Bootstrapping MLLM for Weakly-Supervised Class-Agnostic Object Counting¶

Conference: ICLR2026
OpenReview: https://openreview.net/forum?id=QUE0CuClXe
Code: https://github.com/viscom-tongji/WS-COC
Area: Object Counting / Multimodal VLM / Weakly Supervised Learning
Keywords: Class-agnostic counting, Weakly-supervised, MLLM, Conversational curriculum learning, Ranking optimization

TL;DR¶

WS-COC is the first framework to utilize Multimodal Large Language Models (MLLM) for weakly-supervised class-agnostic object counting. Using only image-level total counts for supervision, it activates the counting capabilities of MLLMs through three simple strategies: "Binary Dialogue Tuning + Comparative Ranking Optimization + Global-Local Fusion." It approaches or even surpasses some fully-supervised methods using point-level supervision on four datasets, including FSC-147.

Background & Motivation¶

Background: The mainstream approach for object counting is fully-supervised density map regression—annotating every object with a point, generating a density map via a Gaussian kernel, and integrating the map to obtain the total count. These methods demonstrate strong performance on benchmarks, but point-level annotation is extremely expensive, especially in dense scenes where hundreds of overlapping objects make manual labeling nearly unfeasible.

Limitations of Prior Work: To reduce annotation costs, a few works have turned to weak supervision—using only the image-level total count as supervision to learn a mapping from visual features to the count. However, existing weakly-supervised methods (based on CNN/ViT) are almost exclusively limited to single categories (typically head counting) and fail to perform class-agnostic counting; they also do not leverage the open-vocabulary capabilities provided by large-scale vision-language pre-training.

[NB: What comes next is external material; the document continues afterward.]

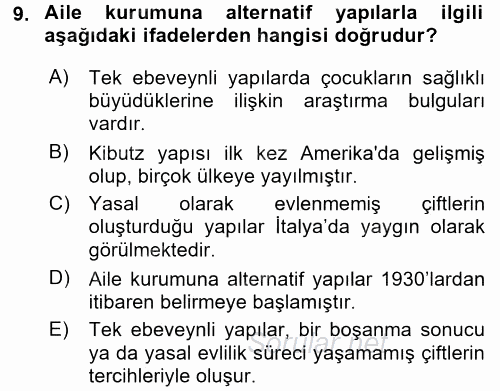 Anne Baba Eğitimi 2017 - 2018 Ara Sınavı 9.Soru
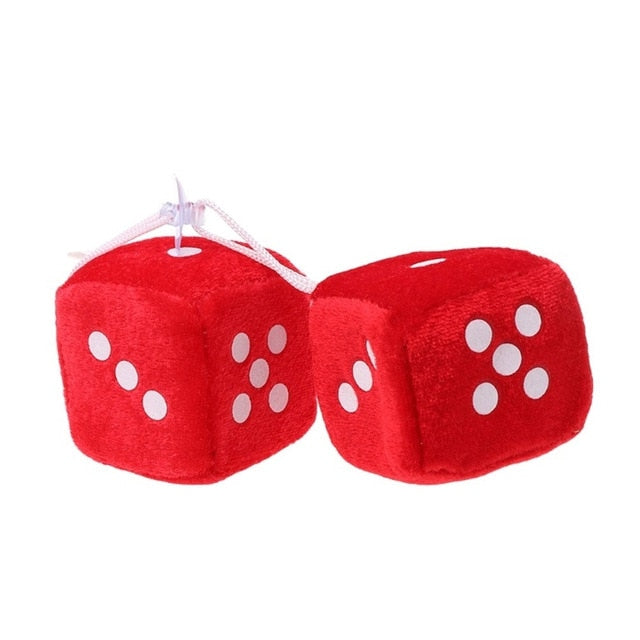 2Pcs Car Styling Fuzzy Dice Dots Rear View Mirror Hanger Decoration Auto Accessories Interior Ornaments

Key Challenge: MLLMs are pre-trained on large-scale image-text pairs and naturally possess text-promptable open-category understanding, theoretically allowing them to count arbitrary categories. However, the authors find that zero-shot MLLM counting (denoted as MLLM-Zero) is reasonable in sparse scenes but severely underestimates in dense scenes. This occurs because the pre-training corpora mostly contain sparse object distributions, lacking a "sense of quantity" for hundreds of objects of the same class. Furthermore, directly fine-tuning MLLMs to regress absolute counts using image-level labels (denoted as WS-COC-Base) is ineffective: visual features are high-dimensional while count ground-truth is a discrete scalar text token. This modality gap makes it difficult for the model to establish a robust mapping, leading to continued underestimation in dense scenarios.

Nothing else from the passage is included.